El mensaje resulta contundente: perder tiempo dejará de resolverse únicamente con amonestaciones o descuentos añadidos. Ahora puede entregar al contrario una ocasión ofensiva inmediata.
Un minuto fuera por lesión
Los jugadores atendidos sobre el césped o responsables de una interrupción por lesión deberán permanecer fuera durante un minuto, salvo excepciones como daños sufridos en una acción castigada con tarjeta, problemas del portero o situaciones de especial gravedad.
La medida busca reducir las simulaciones y esas interrupciones en las que un futbolista reaparece inmediatamente después de recibir asistencia. Sin embargo, exigirá sensibilidad arbitral para no penalizar a quien realmente haya sufrido un golpe.
Lo más grave sería transformar una norma contra el fraude en un castigo para el lesionado. Por ello, la aplicación homogénea será tan importante como el propio reglamento. La UEFA pretende evitar que una misma acción deje al equipo con diez jugadores en una liga y sea considerada una excepción en otra.
El VAR amplía competencias
La paradoja es evidente: la UEFA reclama menos intervenciones, pero la IFAB amplía algunos supuestos revisables. El VAR podrá corregir una expulsión derivada de una segunda amarilla claramente equivocada y resolver casos de identidad errónea cuando la tarjeta haya sido mostrada al jugador incorrecto de cualquiera de los dos equipos.
Las competiciones también podrán autorizar la revisión de un córner concedido de forma manifiestamente errónea, aunque únicamente cuando la corrección sea inmediata y no retrase la reanudación. Si el saque ya se ha ejecutado, la decisión no podrá modificarse.
El diagnóstico es inequívoco: más capacidad jurídica no debe significar más presencia en cada partido. El protocolo crece, pero el umbral para intervenir se endurece.
Un negocio de 5.000 millones
La batalla contra las interrupciones tiene una dimensión económica. La UEFA obtuvo 5.014 millones de euros durante la temporada 2024/25. De esa cantidad, más de 4.064 millones procedieron de derechos audiovisuales y otros 786 millones de acuerdos comerciales.

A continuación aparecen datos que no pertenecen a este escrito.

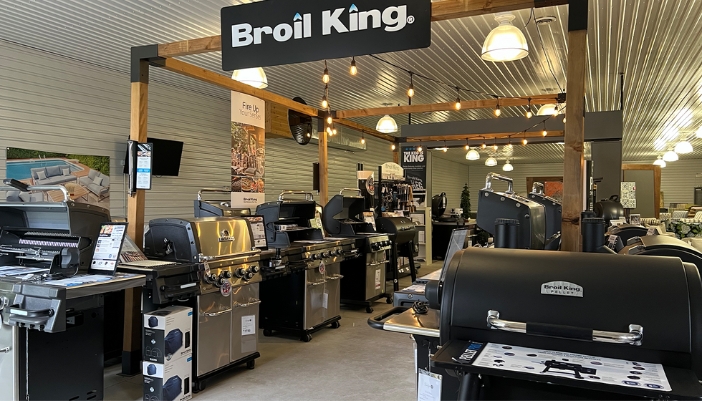 A view of a Broil King showroom floor.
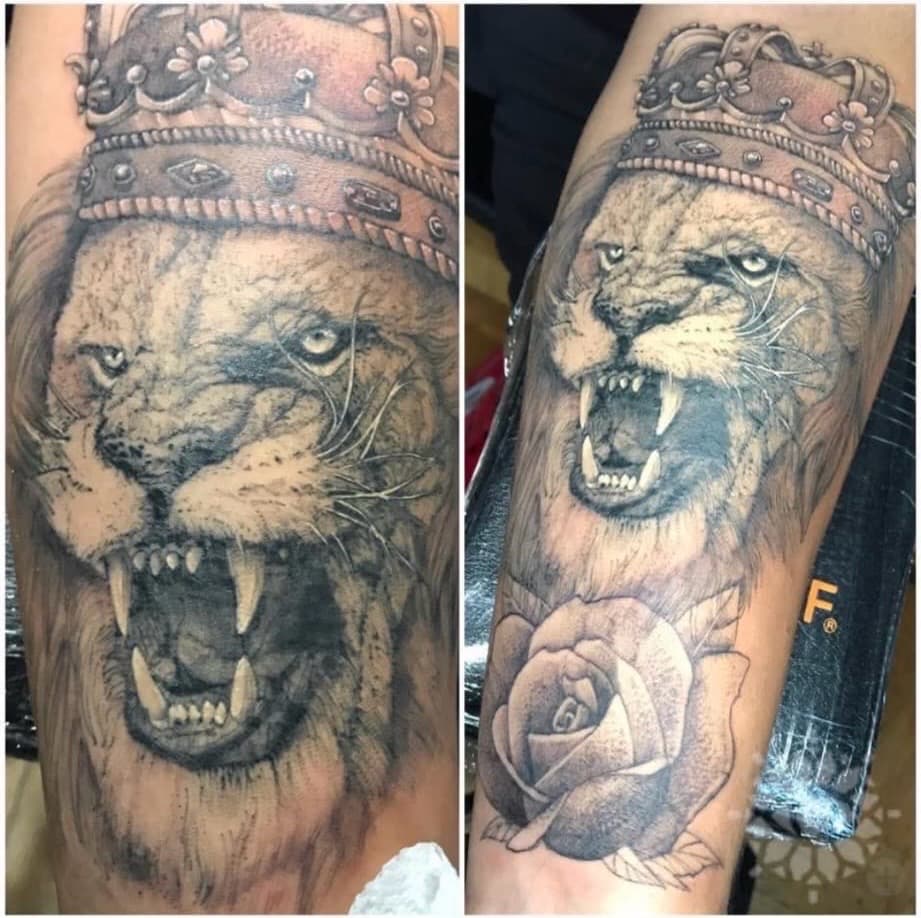 Black & Grey + Realism lion tattoo on Forearm by Inksworth on TattMe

El fútbol europeo vende emoción, continuidad y una narrativa comprensible. Las esperas excesivas deterioran la experiencia televisiva, complican la programación y alimentan la desconfianza de aficionados, clubes y patrocinadores.
Por eso Roberto Rosetti, director de arbitraje de la UEFA, define el acuerdo como un «hito importante». Una interpretación común entre 55 países reduce controversias y protege un producto que compite por audiencias globales frente a otras ligas y formatos de entretenimiento.
Más cambios están en camino
El protocolo de comunicación entre árbitros y capitanes también se reforzará siguiendo el modelo aplicado en la Eurocopa de 2024. El objetivo es reducir las protestas colectivas y concentrar el diálogo en un único representante por equipo. La IFAB prevé que el principio de «solo el capitán» sea obligatorio en todas las competiciones desde el 1 de julio de 2027.
La reforma, no obstante, todavía no está cerrada. La UEFA anunciará durante las próximas semanas nuevas instrucciones para unificar el uso del VAR y la interpretación de las reglas.
El éxito dependerá menos del texto que de su aplicación. Un VAR limitado, rápido y previsible puede devolver credibilidad al arbitraje. Uno que mantenga las mismas demoras bajo nuevas normas solo trasladará la controversia a otro reglamento.